In the alternative, the government argues that Hernandez has failed to exhaust his administrative remedies. Under former section 106(a)(c), review of an order of deportation was barred if, inter alia, “the alien has not exhausted the administrative remedies available to him as of right․” 8 U.S.C. § 1105a(c). The government appears to rely both on Hernandez' past failure to utilize available remedies and on his present pending motion to reopen. It is useful to treat past and present remedies separately.
Starting with the past, at one time Hernandez did have at least two remedies as of right, namely, briefing a timely appeal to the Board and moving to reopen by September 30, 1996, 8 C.F.R. § 3.2(c)(2) (2000). Sometimes courts do talk of “failure to exhaust” past remedies that are no longer available, meaning either that the party did not seek the agency remedy at all or did not make a particular argument. E.g., Roman-Martinez v. Runyon, 100 F.3d 213, 220 (1st Cir.1996). These are essentially arguments that a claim or contention has been waived or forfeited-which is quite different than saying that there is an existing agency remedy that should be invoked before turning to the courts.

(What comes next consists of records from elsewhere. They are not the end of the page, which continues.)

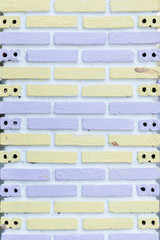 Wall Mural - white brick wall painted with soft purple and yellow background texture.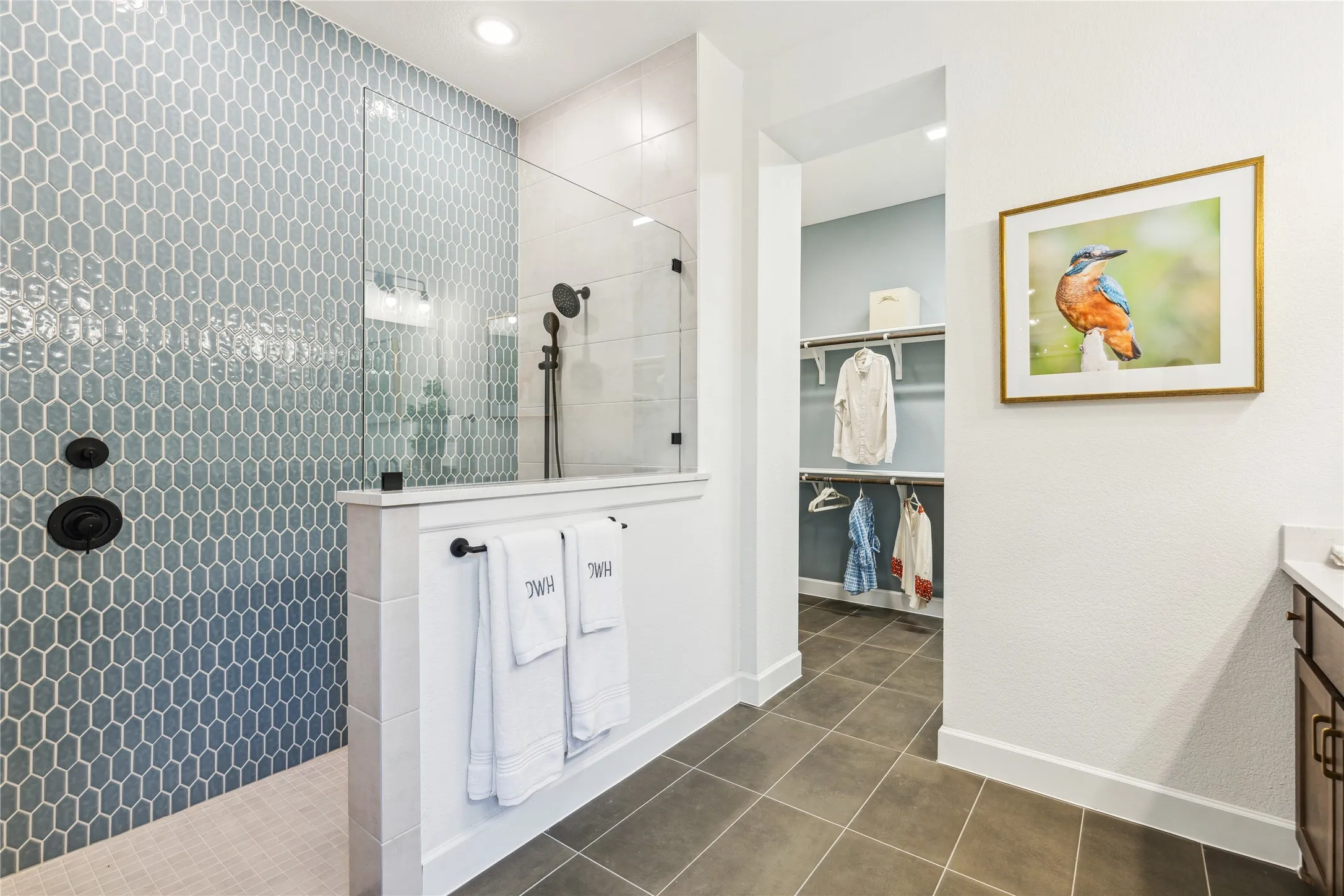 Spa-inspired primary bathroom featuring a walk-in shower with hexagonal tile surround and frameless glass enclosure, white shaker-style vanity with dual sinks, matte black hardware, and tile flooring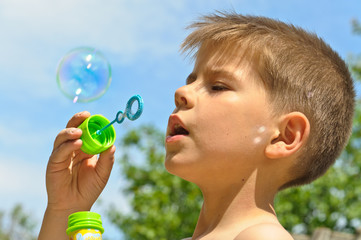 A little boy blows bubbles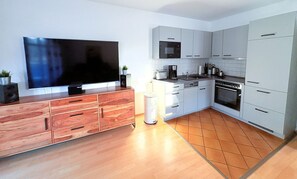 A modern kitchen with a flat-screen TV, wooden cabinetry, a microwave, and a stove. - Strandresidenz Juliusruh apartment 4 - large balcony - family-friendly 3-rooms (Breege)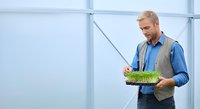 Middle-aged Caucasian male agronomist or farmer examining seedling tray with green sprouts in greenhouse environment, wearing blue shirt and vest for agricultural research and cultivation.
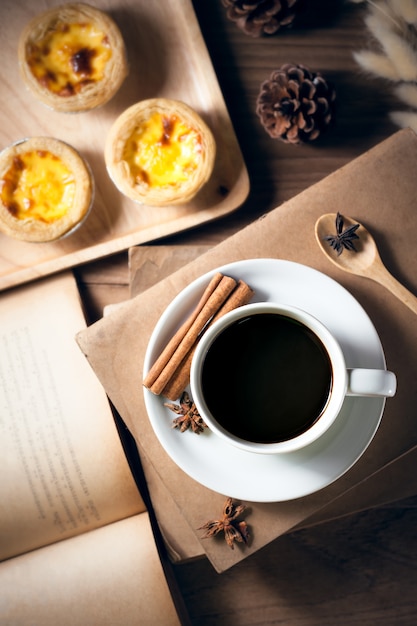 Tazza di caffè con il vecchio libro sulla tavola di legno rustica, concetto classico.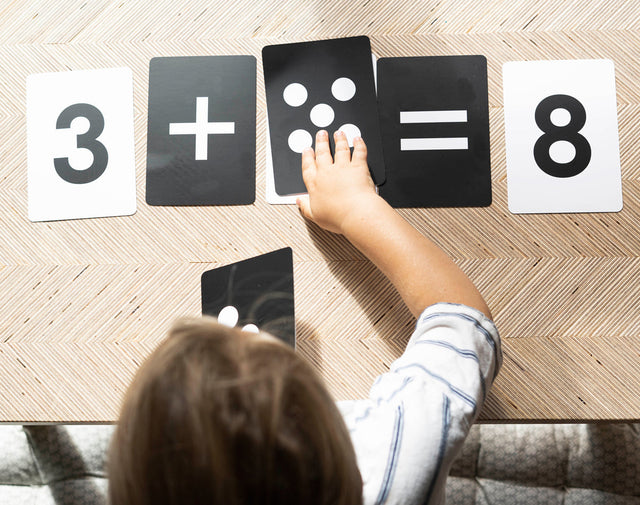 A child working out 3 plus 5 with the Numbers cards and their dot cards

However labeled, the government's objection based on now-forgone remedies essentially overlaps, in this case, with the “merits.” Hernandez' central claim in the district court was that counsel's failure seriously to pursue an appeal to the Board, and his failure entirely to appeal to this court, created a constitutional defect. If this were so-and we will return to the merits shortly-it would be very odd to say that counsel's unconstitutional conduct created a waiver, forfeit, or failure to exhaust that prevented his client from ever litigating that issue. The same is true of the failure to move to reopen within the time limits.
This brings us back to the pending motion before the Board. This is not a remedy “as of right” under former section 106(a)(6), because Hernandez' motion to reopen was filed long after the time period for such motions. 8 C.F.R. § 3.2(c)(2) (2000). But to the extent that the Board does provide currently available remedies as a matter of grace, a court is free to require exhaustion of such remedies-not because of any jurisdictional objection or statutory command but simply because it makes sense. See McCarthy v. Madigan, 503 U.S. 140, 144, 112 S.Ct. 1081, 117 L.Ed.2d 291 (1992); Davis, Administrative Law § 15.2 (3d ed.1994).
The Board, admirably in our view, has sought to cope with the type of problem raised in this case by setting up a procedure for respondents to seek reopening of deportation orders based on incompetence of counsel. In re Lozada, 19 I. & N. Dec. 637, 639 (BIA 1988). Recognizing that such claims are easily made and compromise finality, the Board's criteria require an affidavit describing the alleged agreement with counsel, notice to counsel (who can respond), and a statement whether the alleged default by counsel has been reported to state authorities and, if so, with what result (and if not, why not). Id.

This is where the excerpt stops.